Repeat the data below in full. Pictures must not be part of the copy.
== Segment start ==
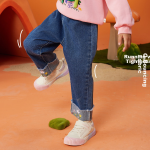 ASK JUNIOR Girls Pants Spring Children's Washed Jeans Turned-Hem Embroidered Trousers Anti-Mosquito Pants Blue 100 - Image 6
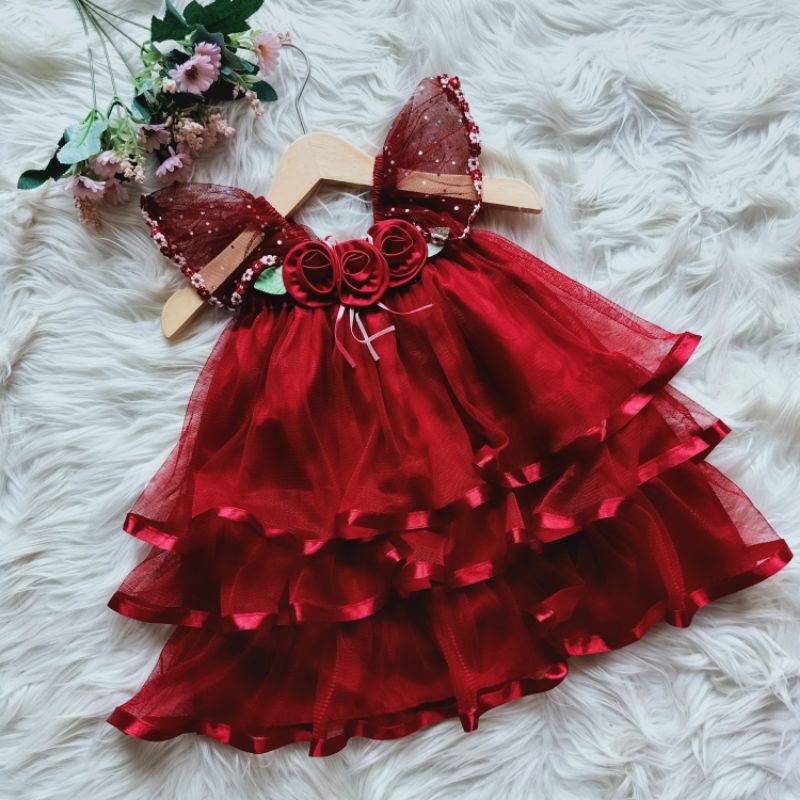 A8 dress pesta anak / gaun anak bayi / baju pesta anak 6 - 12 bulan-Maron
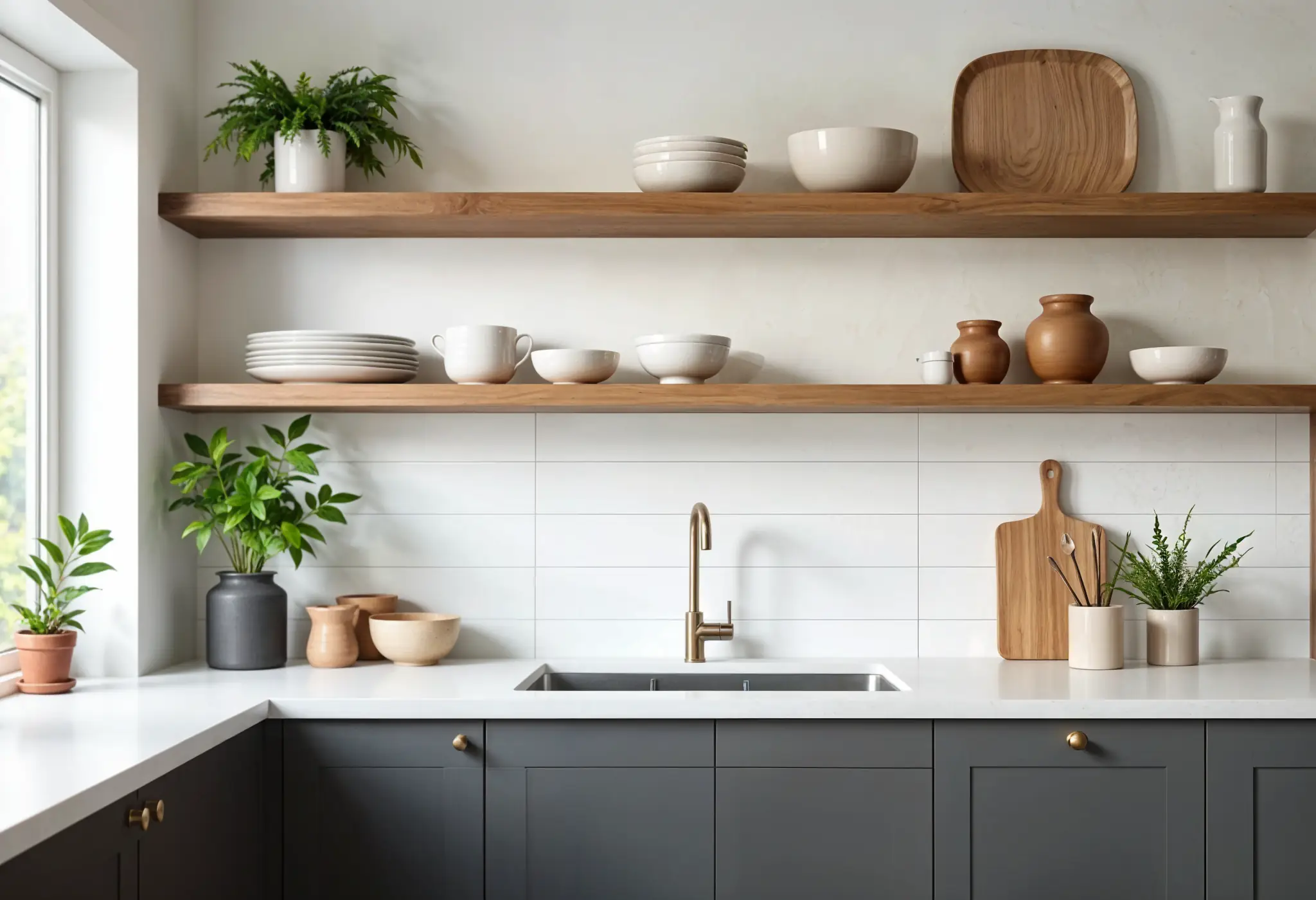 Ultra-realistic photo of kitchen open wood shelves with decor items above modern matte wood cabinetry.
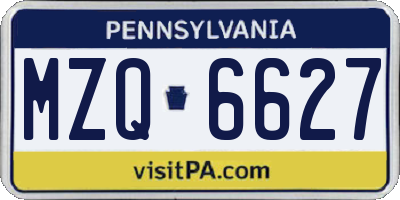 PA license plate MZQ6627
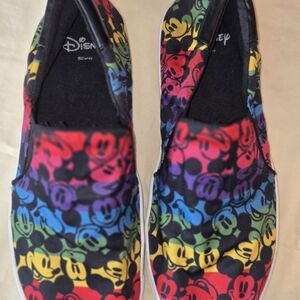 Disney Kids Slip-On Sneakers - Colorful Mickey Mouse Pattern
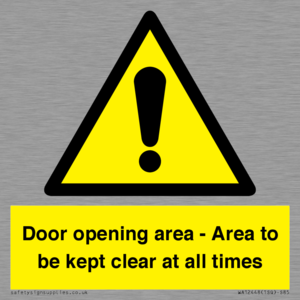 Door opening area - Area to be kept clear at all times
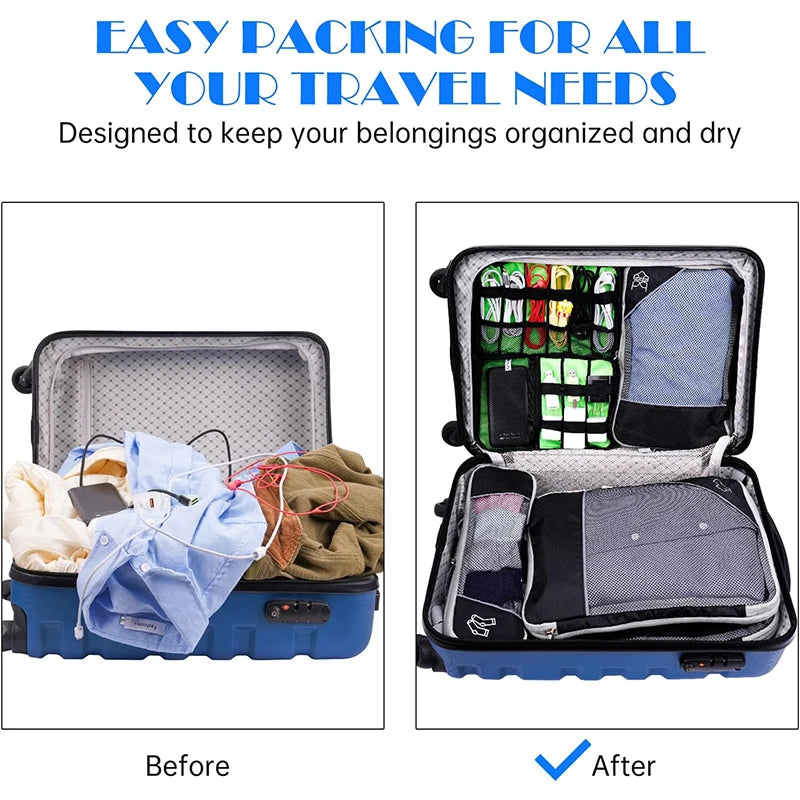 5 PCS Travel Clothing Storage Bag Compression Packing Cube Lightweight Luggage Organizers Sub Packaging Bag Travel Accessories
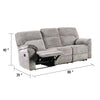Josy Manual Recliner Sofa | Pillow Top Arms | Light Gray Fabric | 88’’ BM342552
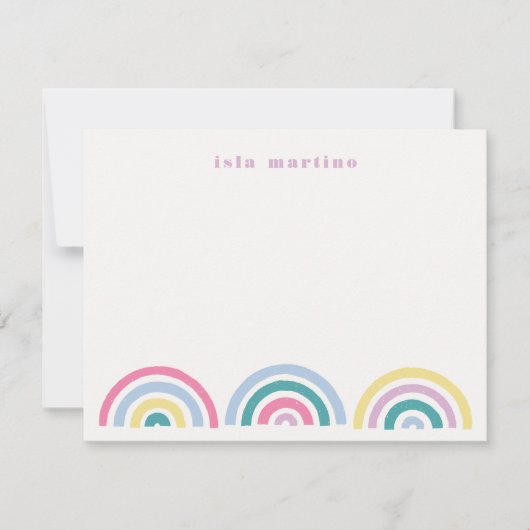 Stamped Rainbows Kinder Stationery Kaart - Blauwgr (Voorkant)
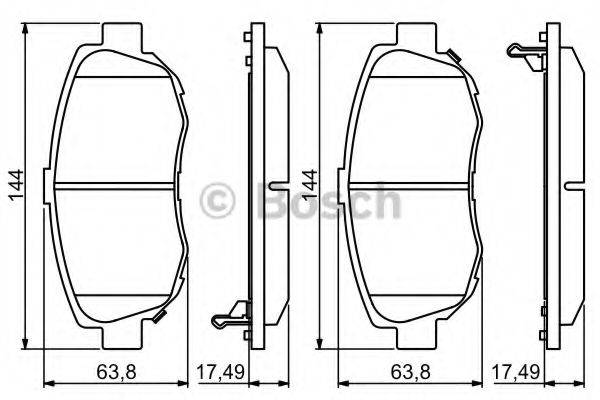 Комплект гальмівних колодок, дискове гальмо BOSCH 0 986 494 211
== Segment end ==
● Expected answer:
 ASK JUNIOR Girls Pants Spring Children's Washed Jeans Turned-Hem Embroidered Trousers Anti-Mosquito Pants Blue 100 - Image 6
 A8 dress pesta anak / gaun anak bayi / baju pesta anak 6 - 12 bulan-Maron
 Ultra-realistic photo of kitchen open wood shelves with decor items above modern matte wood cabinetry.
 PA license plate MZQ6627
 Disney Kids Slip-On Sneakers - Colorful Mickey Mouse Pattern
 Door opening area - Area to be kept clear at all times
 5 PCS Travel Clothing Storage Bag Compression Packing Cube Lightweight Luggage Organizers Sub Packaging Bag Travel Accessories
Josy Manual Recliner Sofa | Pillow Top Arms | Light Gray Fabric | 88’’ BM342552
 Stamped Rainbows Kinder Stationery Kaart - Blauwgr (Voorkant)
 Комплект гальмівних колодок, дискове гальмо BOSCH 0 986 494 211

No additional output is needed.